This is a followup to my previous question Merging vectors of strings in a list in R
I have tried an alternate approach using data.table.
I have a data.table G as follows
d <- list( c("SD1:LUSH", "SD44:CANCEL", "SD384:FR563", "SD32:TRUMPET"), c("SD23:SWITCH", "SD1:LUSH", "SD567:TREK"), c("SD42:CRAYON", "SD345:FOX", "SD183:WIRE"), c("SD345:HOLE", "SD340:DUST", "SD387:ROLL"), c("SD455:TOMATO", "SD39:MATURE"), c("SD12:PAINTING", "SD315:MONEY31", "SD387:SPRING"), c("SD32:TRUMPET", "SD1:FIELD"))

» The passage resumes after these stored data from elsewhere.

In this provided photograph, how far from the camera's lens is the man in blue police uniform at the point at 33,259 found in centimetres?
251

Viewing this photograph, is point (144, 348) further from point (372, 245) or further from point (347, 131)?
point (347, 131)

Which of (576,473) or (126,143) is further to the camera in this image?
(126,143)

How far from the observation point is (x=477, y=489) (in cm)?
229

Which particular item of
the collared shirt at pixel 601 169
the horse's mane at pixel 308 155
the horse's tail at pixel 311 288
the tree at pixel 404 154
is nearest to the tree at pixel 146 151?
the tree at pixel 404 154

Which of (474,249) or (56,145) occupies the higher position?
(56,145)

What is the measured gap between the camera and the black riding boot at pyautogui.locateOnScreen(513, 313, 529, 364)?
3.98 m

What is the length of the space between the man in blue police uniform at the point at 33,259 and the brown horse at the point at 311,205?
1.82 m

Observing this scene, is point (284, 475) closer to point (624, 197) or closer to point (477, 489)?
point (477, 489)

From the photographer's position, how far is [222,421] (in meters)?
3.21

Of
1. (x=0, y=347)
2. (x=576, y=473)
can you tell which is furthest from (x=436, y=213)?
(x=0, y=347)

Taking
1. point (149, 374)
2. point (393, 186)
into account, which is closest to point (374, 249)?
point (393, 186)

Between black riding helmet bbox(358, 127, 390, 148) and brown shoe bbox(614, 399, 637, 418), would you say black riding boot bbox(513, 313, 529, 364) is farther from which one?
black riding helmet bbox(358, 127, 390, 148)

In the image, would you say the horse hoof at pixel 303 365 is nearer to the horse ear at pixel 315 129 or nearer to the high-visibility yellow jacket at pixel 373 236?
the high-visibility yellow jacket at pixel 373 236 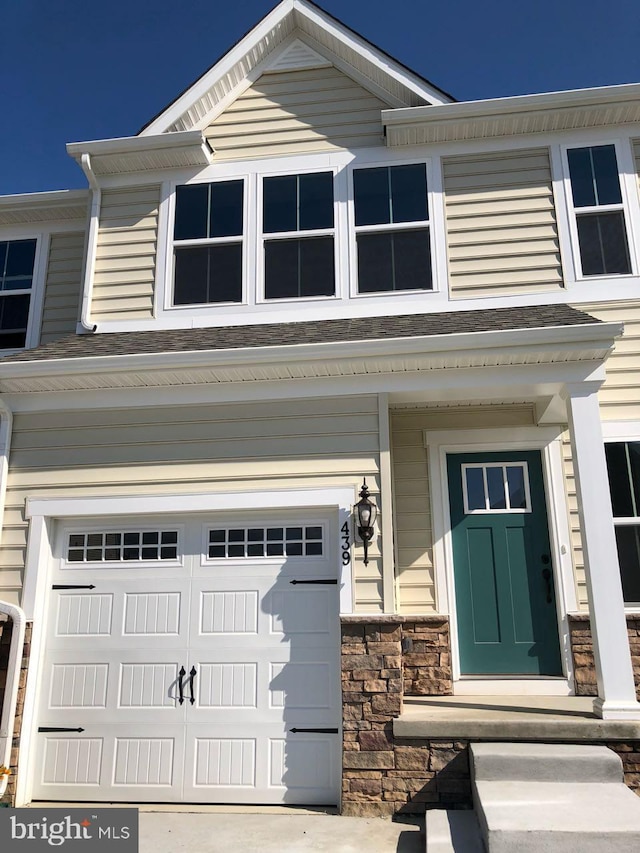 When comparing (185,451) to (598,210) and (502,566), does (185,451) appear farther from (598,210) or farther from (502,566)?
(598,210)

d2 <- lapply(d, function(x) sapply(strsplit(x, ":"), "[", 1))
d <- lapply(d, paste0, collapse=", ")
d2 <- lapply(d2, paste0, collapse=", ")
d <- as.data.frame(as.matrix(lapply(d, paste0, collapse=", ")))
d2 <- as.data.frame(as.matrix(lapply(d2, paste0, collapse=", ")))
d <- as.data.frame(cbind(d,d2))
colnames(d) <- c("sdw", "sd")
d$sd <- as.character(d$sd)
d$sdw <- as.character(d$sdw)
G <- data.table( d , key = "sd" )
sdw sd
1: SD1:LUSH, SD44:CANCEL, SD384:FR563, SD32:TRUMPET SD1, SD44, SD384, SD32
2: SD12:PAINTING, SD315:MONEY31, SD387:SPRING SD12, SD315, SD387
3: SD23:SWITCH, SD1:LUSH, SD567:TREK SD23, SD1, SD567
4: SD32:TRUMPET, SD1:FIELD SD32, SD1
5: SD345:HOLE, SD340:DUST, SD387:ROLL SD345, SD340, SD387
6: SD42:CRAYON, SD345:FOX, SD183:WIRE SD42, SD345, SD183
7: SD455:TOMATO, SD39:MATURE SD455, SD39
I am trying to aggregate elements in column sdw based on elements in column sd.
[1], [2] and [7] have SD1 common between them. So their corresponding sdw elements should merge together. Also [1] and [7] have both SD1 and SD32 common.
[4] has SD345 common with [3] and SD387 common with [5]. So [4], [3] and [5] sdw elements should merge together.
[7] is not having any SD__ common with other vectors, so it should remain as such.
In short I want to aggregate G$sdw elements based on overlapping SD__ terms in G$sd
The output I am looking for is as follows with just three rows.
[1] "SD1:LUSH, SD1:FIELD, SD23:SWITCH, SD32:TRUMPET, SD44:CANCEL, SD384:FR563, SD567:TREK"
[2] "SD12:PAINTING, SD42:CRAYON, SD183:WIRE, SD340:DUST SD345:FOX, SD345:HOLE, SD387:SPRING, SD387:ROLL"
[3] "SD455:TOMATO, SD39:MATURE"
I have tried data.table package as follows
# Extract SDs from GN$sd
G <- G[ , list( ID = unlist( strsplit( sd , "," ) ) ) , by = list(sdw, sd) ]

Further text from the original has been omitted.